Adults who speak different tongues and the growing children from the stage of a toddler to the school-going age, say three years, who learn to speak in one language or the other fall into different slots. The number of tongues in which the land’s people in different regions interact both verbally and communicate in writing with script that they have used for years makes a fascinating study. The languages which either don’t have their specific script or use the script of different languages are an infinitesimal fraction of the total number of languages that we get to hear in the open space. Much is being made of mother-tongue and medium of instruction in schools in circles of people in public life only to whip up emotions in society. The sense of happiness that one gets when the other person, including strangers, responds in one’s own language cannot be expressed adequately in words. The monumental achievement of unifying hundreds of kingdoms, large-small-tiny by the nation’s first Home Minister seems to have been undone by dividing the nation’s geography into narrow regions on the basis of the languages spoken by the respective area’s population. Division is the end result of that act.

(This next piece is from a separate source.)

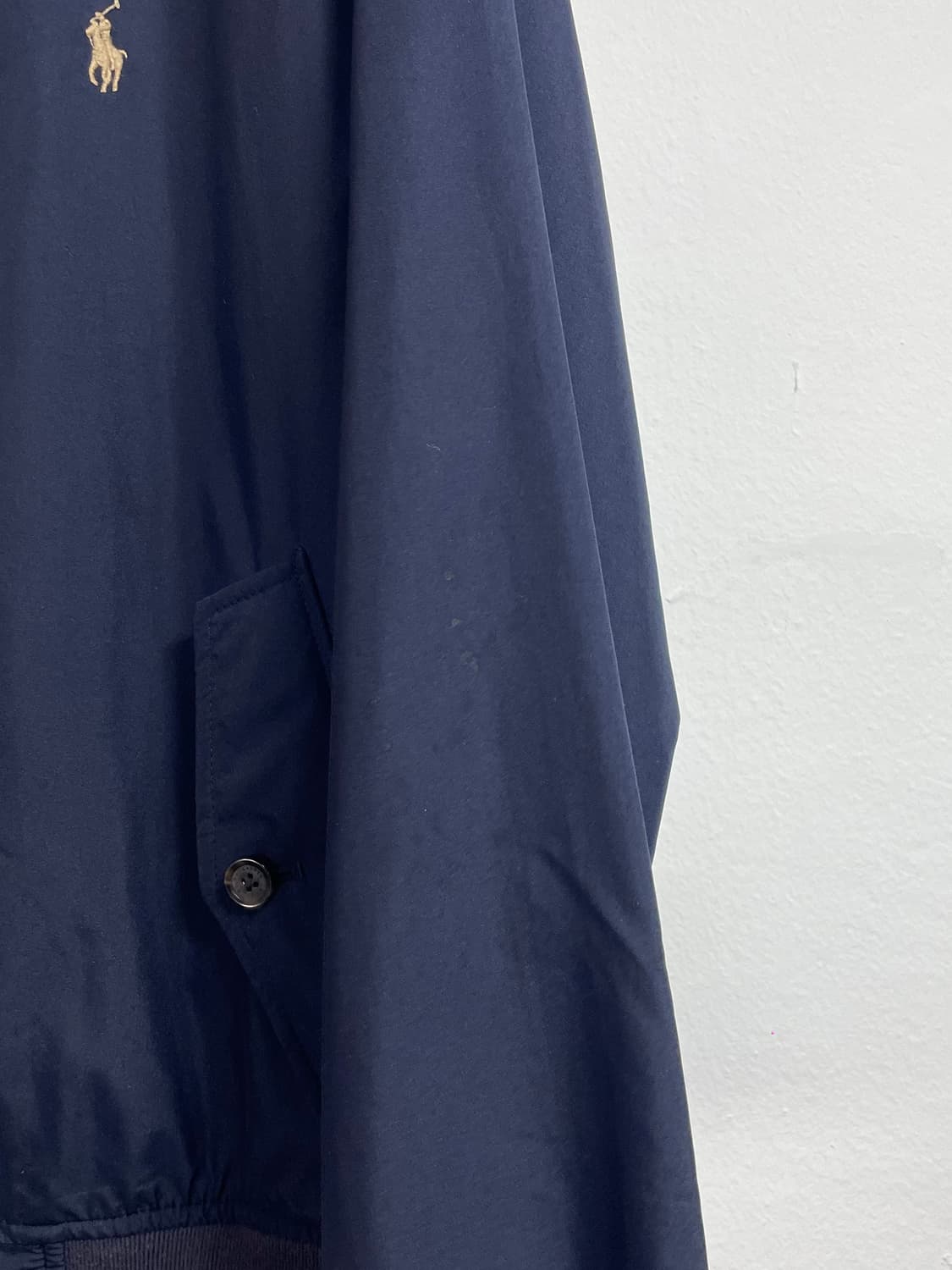 폴로 랄프로렌 신형 네이비 헤링턴 자켓 (on.321) 상품이미지7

Mysuru, then Mysore, hosted people who spoke different languages without any prejudice or disfavour of tongues of various sections of society, obviously without any public debates on languages of the kind that we observe nowadays. Writers did gift literary works in their respective languages, including Kannada, that continue to be rated high even after several decades. That cannot be said about later generations of the region.
The more we ponder about the land’s languages, more fascinating features of every language are bound to come to our notice. First and foremost feature is the commonality of words among the various languages that should make us wonder about the mutual inputs among the languages enriching every language. Sayings, proverbs, idioms and even slangs may be in different languages, but we can learn from the knowledgeable persons that the message in each of them bear similarity for the most part. Further, people pursuing different professions and those engaged in different works to earn a livelihood speak in styles that can easily reveal their professional identity. Doctors, engineers, lawyers, administrators, teachers and many other professionals freely draw from their stock of vocabulary while they interact with others. In that backdrop, the now-in-vogue three-language system in the country (English-Hindi-and a Regional language) seems to be a measure which can be likened to fire-fighting operation.
India’s languages, each with a long history, have survived themselves by a process of evolution, without any administrative intrusion unlike in our times. Let every language benefit from the patronage bestowed upon by the people themselves. Consensus, not conflict, is the best outlook upon the land’s languages for civil society.